**WORK REQUEST**
An exact, picture-free copy of the listing is required.

**SUPPLIED MATERIAL**
..........
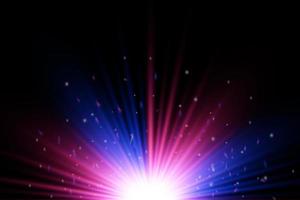 Solar flare with rays and searchlight. glow effect.the star flashed with sparkles. photo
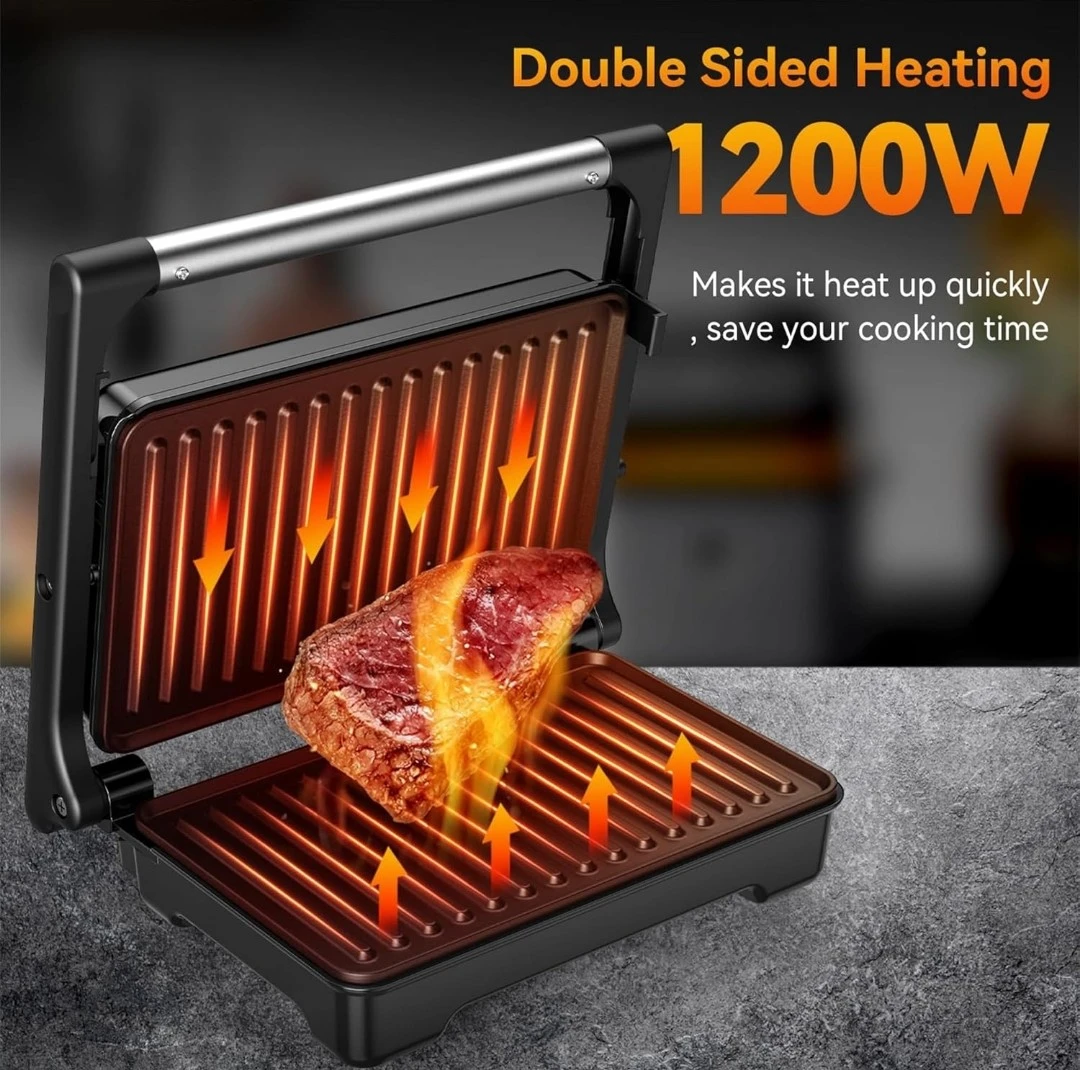 YASHE Multifunctional Sandwich Toaster & Grill 1200W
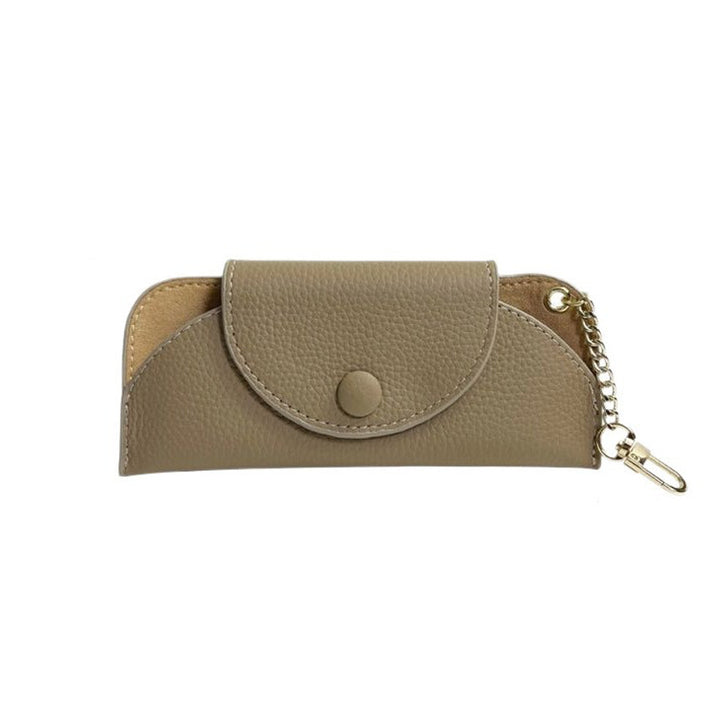 Textured Leather Zip Coin Purse Bowlift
..........
**EXERCISE RESULT**
 Solar flare with rays and searchlight. glow effect.the star flashed with sparkles. photo
 YASHE Multifunctional Sandwich Toaster & Grill 1200W
 Textured Leather Zip Coin Purse Bowlift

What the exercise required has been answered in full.